10,973 characters total

32. The said dicta was followed in Barber v. Staffordshire County Council [(1996) 2 All ER 748 (CA)]. A cause of action estoppel arises where in two different proceedings identical issues are raised, in which event, the latter proceedings between the same parties shall be dealt with similarly as was done in the previous proceedings. In such an event the bar is absolute in relation to all points decided save and except allegation of fraud and collusion. [See C. (A Minor) v. Hackney London Borough Council [(1996) 1 All ER 973: (1996) 1 WLR 789 (CA)].]

12. Reference may also be made to the judgment of the Supreme Court in Hope Plantations Ltd. V. Taluk Land Board, Peermade & Anr. (1999) 5 SCC 590, wherein it has been held as under:-

26. It is settled law that the principles of estoppel and res judicata are based on public policy and justice. Doctrine of res judicata is often treated as a branch of the law of estoppel though these two doctrines differ in some essential particulars. Rule of res judicata prevents the parties to a judicial determination from litigating the same question over again even though the determination may even be demonstratedly wrong. When the proceedings have attained finality, parties are bound by the judgment and are estopped from questioning it. They cannot litigate again on the same cause of action nor can they litigate any issue which was necessary for decision in the earlier litigation. These two aspects are “cause of action estoppel” and “issue estoppel”. These two terms are of common law origin. Again, once an issue has been finally determined, parties cannot subsequently in the same suit advance arguments or adduce further evidence directed to showing that the issue was wrongly determined. Their only remedy is to approach the higher forum if available. The determination of the issue between the parties gives rise to, as noted above, an issue estoppel. It operates in any subsequent proceedings in the same suit in which the issue had been determined. It also operates in subsequent suits between the same parties in which the same issue arises. Section 11 of the Code of Civil Procedure contains provisions of res judicata but these are not exhaustive of the general doctrine of res judicata. Legal principles of estoppel and res judicata are equally applicable in proceedings before administrative authorities as they are based on public policy and justice.

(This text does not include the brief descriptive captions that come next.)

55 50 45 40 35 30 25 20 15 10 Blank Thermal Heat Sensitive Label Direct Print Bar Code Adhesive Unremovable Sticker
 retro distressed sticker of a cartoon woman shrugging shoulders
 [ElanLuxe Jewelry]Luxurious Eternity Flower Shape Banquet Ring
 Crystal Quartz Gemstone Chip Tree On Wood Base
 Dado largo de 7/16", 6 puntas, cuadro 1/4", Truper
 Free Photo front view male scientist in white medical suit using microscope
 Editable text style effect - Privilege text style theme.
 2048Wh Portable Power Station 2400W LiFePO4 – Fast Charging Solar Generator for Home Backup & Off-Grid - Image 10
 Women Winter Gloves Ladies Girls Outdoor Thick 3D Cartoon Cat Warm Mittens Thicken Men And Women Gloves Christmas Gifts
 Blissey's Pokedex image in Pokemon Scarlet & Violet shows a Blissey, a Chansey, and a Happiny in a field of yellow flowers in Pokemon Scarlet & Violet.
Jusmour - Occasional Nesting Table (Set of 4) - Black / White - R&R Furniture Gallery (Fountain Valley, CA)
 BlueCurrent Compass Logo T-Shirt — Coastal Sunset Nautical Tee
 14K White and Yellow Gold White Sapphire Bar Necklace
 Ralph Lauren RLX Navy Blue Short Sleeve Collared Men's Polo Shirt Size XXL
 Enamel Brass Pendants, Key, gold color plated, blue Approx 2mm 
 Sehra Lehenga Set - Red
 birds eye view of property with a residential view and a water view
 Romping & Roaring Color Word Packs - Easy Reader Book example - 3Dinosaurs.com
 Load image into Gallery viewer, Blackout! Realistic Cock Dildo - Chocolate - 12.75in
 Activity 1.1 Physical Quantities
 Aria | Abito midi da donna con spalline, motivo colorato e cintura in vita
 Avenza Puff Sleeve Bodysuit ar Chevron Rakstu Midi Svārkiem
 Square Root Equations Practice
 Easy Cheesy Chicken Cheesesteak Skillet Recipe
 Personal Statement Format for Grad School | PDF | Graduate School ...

13. In view of the above, there is no infirmity in the order passed by the Tribunal holding that the petitioner is barred on the principles of res judicata as also issue estoppel from approaching the Tribunal by way of a fresh petition.

14. In view of the above, we find no infirmity in the view taken by the Tribunal in rejecting the petition of petitioner on the ground of res judicata as also on the ground of issue estoppel.

15. We find no merit in the contentions of learned counsel for petitioner that in the earlier round, petitioner had not claimed pensionary benefits and it was for the first time that he has raised the claim before the Tribunal. He points out that he had, earlier in the first instance, approached this Court by way of WP (C) No. 6042/2022 seeking grant of pension which was withdrawn on 06.05.2022 with liberty to file afresh petition in accordance with law and consequently, he approached the Tribunal.

16. It is conceded by learned counsel for petitioner that unless petitioner was reinstated, he would not be entitled to any pensionary benefit because he had not put in the minimum qualifying service for grant of pension. On this count also, we are of the view that petitioner, not having put in qualifying service, is disentitled to grant of pension.

17. Accordingly, we find no merit in the petition. Petition is dismissed.